Despite the Covid-19 crisis, Info Edge encouragingly managed to raise capital of 18.75bn rupees after it closed its qualified institutional placement (QIP) issue in August, and it is looking to use the funds for further acquisitions.
“We're constantly evaluating companies – in the last quarter alone, we must have looked at five to six deals,” Mr Oberoi told analysts during the conference call. “We've said 'no' to most of them.
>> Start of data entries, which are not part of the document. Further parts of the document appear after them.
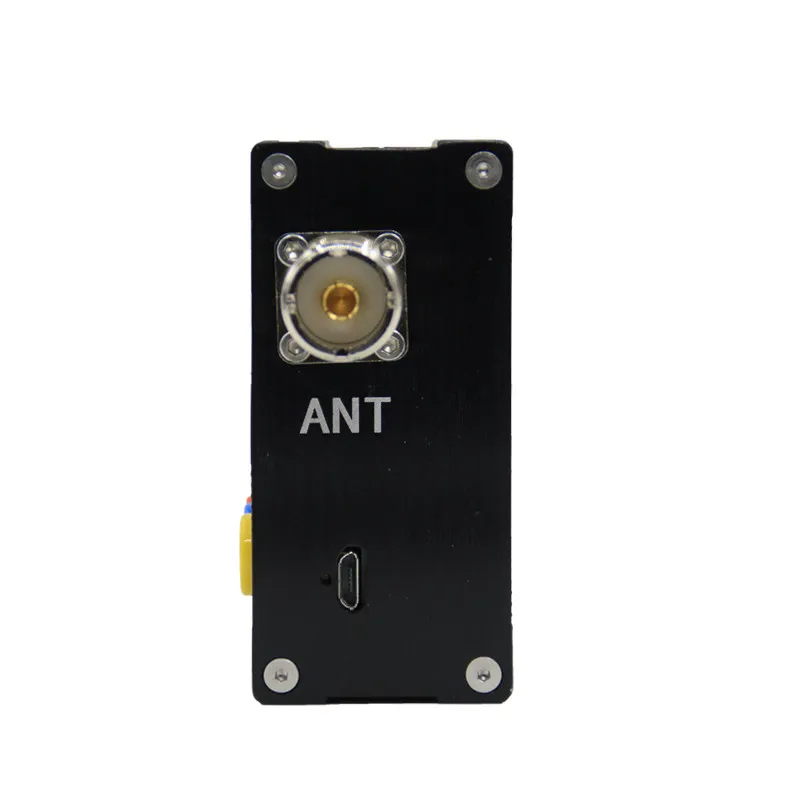 Digital Display Frequency Meter, Standing Wave Meter SW-102 Test Antenna Standing Wave Power Meter Standing Wave Meter M Head
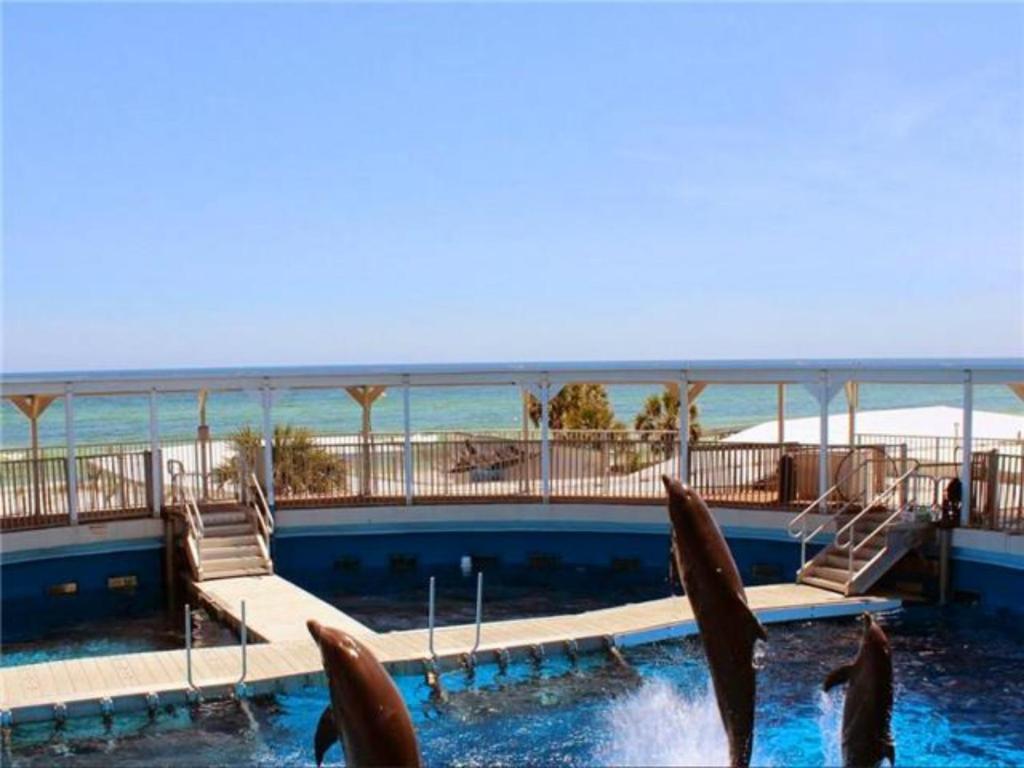 Island Princess 710 by RealJoy Vacations - image 3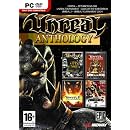 Unreal Anthology (PC DVD)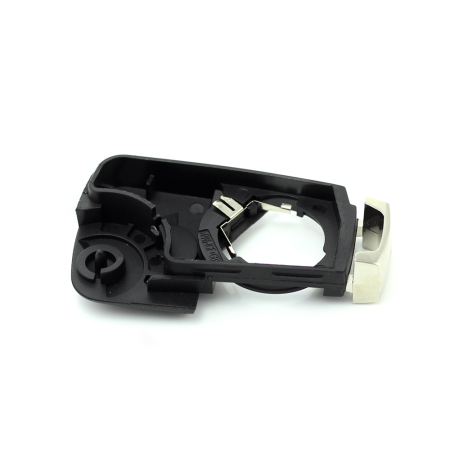 Opel / Chevrolet - Carcasa tip cheie briceag cu 3 butoane [4]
We have a team inhouse and we're continuously looking for opportunities to both invest in start-ups and acquire companies, in all the verticals we operate in.”
There could be another boost for Info Edge to come, financial experts say. According to Indian media reports, Zomato is expected to launch an initial public offering next year, which analysts say could help increase Info Edge's valuation. Zomato's other investors include Jack Ma's Ant Group
“Zomato is valued at high premium being a start-up,” says Hemant Sood, managing director of Findoc Group, citing estimates that peg it at $3.5bn. “But on negative side, it is still in losses and the company cannot enjoy higher valuations in the long run if losses rise or are even sustained.”
Nevertheless, he believes the future is bright for Info Edge, as technology continues to expand its role in India.
“Info Edge being a leader in its verticals is expected to grow and outpace its competitors,” Mr Sood says.
The large customer base that Info Edge has built up over the years, coupled with “expertise, finances and technology” has put it in a very strong position.
“This is the era of digitisation and companies with strong a database are expected to capture a major market share in the long run,” he says.